By: Hayley Green
In this fantasy novel, we meet unassuming professor Diana Bishop, who specializes in alchemical texts. When she calls a book from the stacks of the library at Oxford University where she lives and works, she realizes quickly that there is something wrong with it. We find out that Diana has long familial history of witches, and she is not different, even if she tries to get along without her powers.
Spooked by the magic in the manuscript, she returns it. But soon after, she meets Matthew Clairmont, a vampire who takes an interest in her and the manuscript. A romance ensues, with each party wanting different things. However, cross species romances are forbidden, and are persecuted, in part because of Diana’s ability to call that book up even though the supernatural creatures had lost the manuscript long ago.
This book was interesting and intriguing, the characters distinct and well defined. It was slow to build up the romance and relationship between Matthew and Diana, but about two-thirds of the way through the plot picked up.

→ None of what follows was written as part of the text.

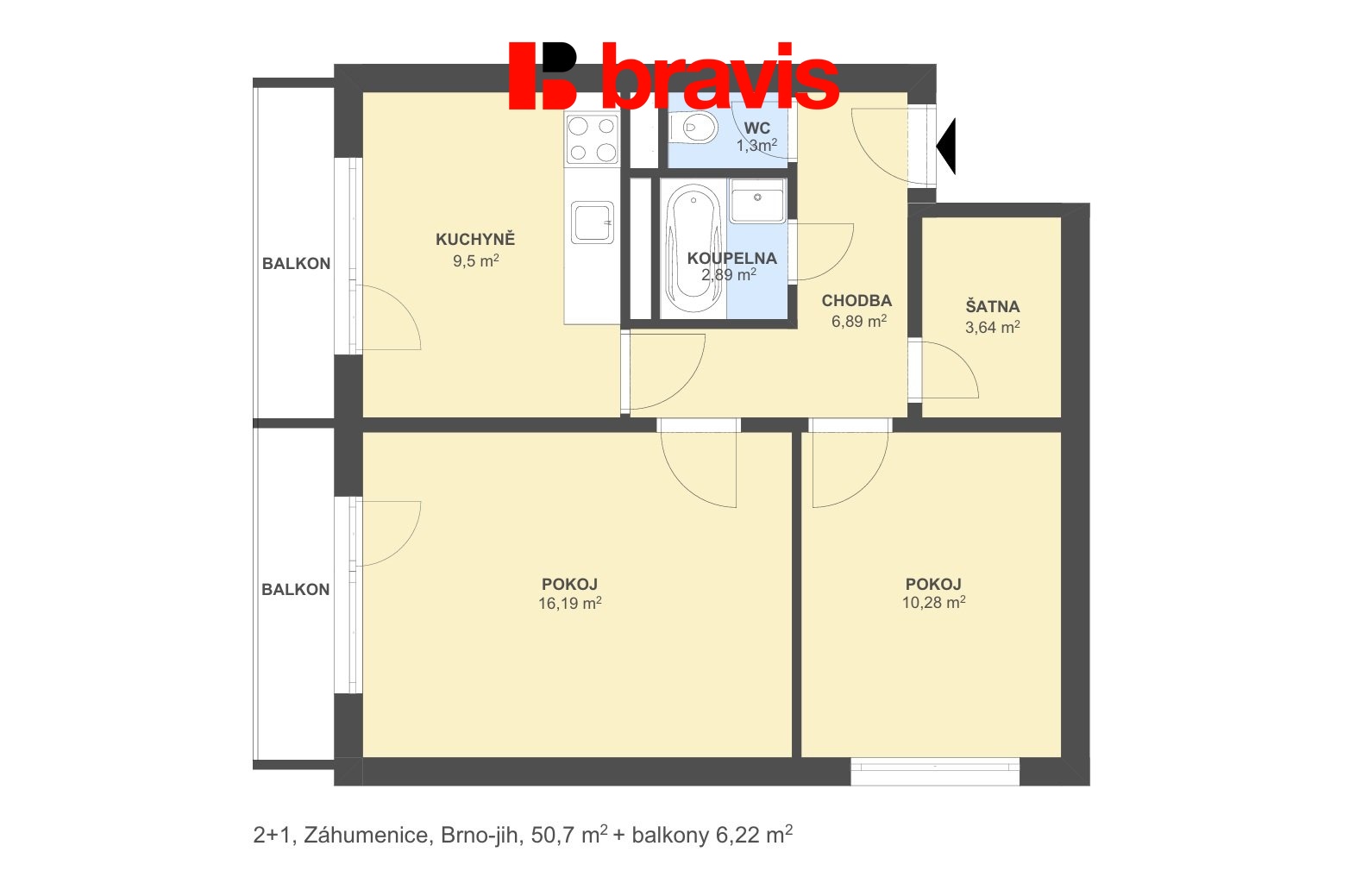 2+1 Záhumenice 50,7m2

I enjoyed the slow pace, but I know it’s not for everyone. Some slow parts I was not a fan of, such as the extensive descriptions of architecture, but those details show themselves to be important to Matthew’s background, so I understand why she included them.
I enjoyed the book, the slow build only adding to the anticipation, and the intensity of the last third of the book being a great change of pace. It has a sense of mystery, hints at a larger destiny for the characters in the grand scheme of things, and things that Diana’s late mother and father knew as they guide her beyond the grave. The house that Diana’s aunts live in is a character unto itself that often put a smile on my face. She treated the depiction of Diana’s aunt’s lesbian relationship as normal and expected, which was refreshing to see them as normal people and not have them die, although I have yet to read the next two books in the series. They may die in the next two books, but I sincerely hope not.
It ends on a cliffhanger, branching into the second book which as far as I can tell will have a different flavor and spin than the first book, branching more into the historical fiction world than the fantasy world, but I am excited to see how Harkness pulls it off.
Overall, I like this a lot more than the recent TV series that came out. I didn’t picture the characters like the cast of the TV show, and I felt like the show played up the drama and horror elements more than I felt in the book, but isn’t the book always better?
I would recommend this book with all of my heart. I will review the next book when I get around to it, but I have a while to go before I will get to it.